7. La circonstance que le dossier de demande d'autorisation ne comporterait pas l'ensemble des éléments exigés par les dispositions précitées, ou que les documents produits seraient insuffisants, imprécis ou comporteraient des inexactitudes, n'est susceptible d'entacher d'illégalité l'autorisation qui a été accordée que dans le cas où les omissions, inexactitudes ou insuffisances entachant le dossier ont été de nature à fausser l'appréciation portée par l'autorité administrative sur la conformité du projet à la réglementation applicable.
8. En premier lieu, la circonstance que la société Granville Distribution ait commis une erreur de plume, lors de son premier passage devant la CNAC en 2021, en indiquant dans son dossier d'analyse d'impact que la surface actuellement imperméabilisée est de 11 605 m2 (68%) et comprend 5 449 m2 d'espaces verts (32%), alors que la parcelle est en réalité imperméabilisée à hauteur de 11 248 m2 (66%) et comprend 5 446 m2 d'espaces verts (32%) selon le dossier de revoyure, est sans incidence sur la légalité de la décision attaquée, dès lors qu'il ressort des pièces du dossier que la CNAC a pris en compte ces nouveaux éléments pour rendre un avis favorable le 7 avril 2022. La SAS Tiviga ne justifie par ailleurs pas que le volume de rétention d'eaux pluviales de 314 m3 induit par l'extension serait " forcément inexact " compte-tenu de ces nouveaux éléments.
9. En deuxième lieu, contrairement à ce que soutient la SAS Tiviga, il ressort des pièces du dossier, notamment d'attestations des 29 et 30 mars 2022 du responsable du service Urbanisme et Aménagement de la commune de Granville, que, dans le cadre de sa nouvelle demande d'avis, la société Granville Distribution a transmis à la CNAC de nouvelles informations et pièces intitulées " Extension du magasin E. Leclerc Bricolage de Granville - Département de la Manche - dossier actualisé " et " Dossier d'analyse d'impact " qui sont pourvus d'une étude paysagère et architecturale suffisamment précise et détaillée pour apprécier les effets de l'aménagement sur le site localisé en entrée de ville.

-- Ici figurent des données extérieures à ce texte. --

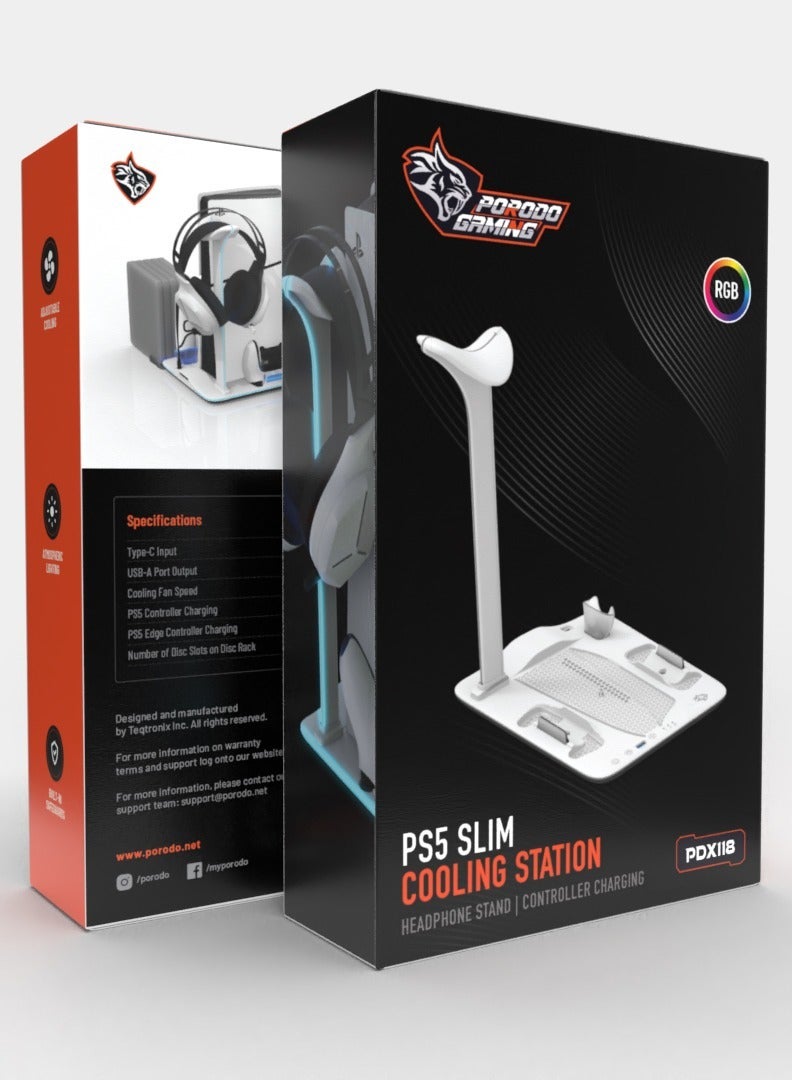 Gaming PS5 Slim stand with Magnetic Charger - White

10. En troisième lieu, il ressort des pièces du dossier qu'à l'appui de sa demande, la société Granville Distribution a fourni une étude d'impact, réalisée en mars 2021, recensant les friches existantes en centre-ville, dont les surfaces de vente ne dépassent pas 330 m² et ne permettaient pas, à l'évidence, d'accueillir le projet en litige. Par ailleurs, la société pétitionnaire n'avait pas à démontrer qu'aucune friche existante en périphérie ne permettait l'accueil du projet envisagé, puisqu'il est constant que ce dernier vient occuper la même
emprise foncière que le magasin actuel, situé en périphérie de la ville et dans sa continuité, pour des raisons d'approvisionnement des matériaux et de gestion commune des projets. Enfin, il ressort des pièces du dossier que les éléments apportés par le pétitionnaire permettaient à la CNAC d'apprécier l'insertion du projet dans le tissu urbain ainsi que son adéquation à l'environnement bâti et aux besoins du territoire.
11. En dernier lieu, la commission nationale n'avait pas à prendre en compte la densité commerciale de la zone de chalandise. Ainsi, s'il est soutenu que certains équipements commerciaux existants, à savoir d'autres enseignes spécialisées du secteur, auraient dû être inclus dans la zone de chalandise, ce moyen n'est en tout état de cause assorti d'aucune précision permettant d'établir en quoi cette omission aurait faussé l'appréciation de la commission nationale s'agissant des effets du projet autorisé au regard des objectifs et critères fixés par le législateur.
12. Il résulte de ce qui précède que la SAS Tiviga n'établit pas le bien-fondé de ses allégations quant à l'existence volontaire de données erronées ou cachées dans le dossier présenté devant la CNAC, y compris en se prévalant d'un constat d'huissier effectué à sa demande le 22 mars 2023, soit postérieurement à l'arrêté du 10 juin 2022 du maire de la commune de Granville qui, au vu de l'avis favorable de la CNAC, a délivré à la SAS Granville Distribution un permis de construire valant autorisation d'exploitation commerciale prenant en compte l'ensemble des éléments approuvés par la CNAC lors du second examen de sa demande. Au demeurant, à supposer établi que les 55 arbres de haute tige mentionnés dans le dossier de la société Granville Distribution n'existeraient pas en fait à la date de la demande, la SAS Tiviga ne justifie pas que cette information, à la supposer erronée, a été de nature à fausser l'appréciation portée par l'autorité administrative sur la conformité du projet à la réglementation applicable. Il en va de même s'agissant des allégations relatives à la destruction d'espaces verts autour du pavillon qui seraient utilisés comme parking du personnel dans l'attente de la réalisation des travaux.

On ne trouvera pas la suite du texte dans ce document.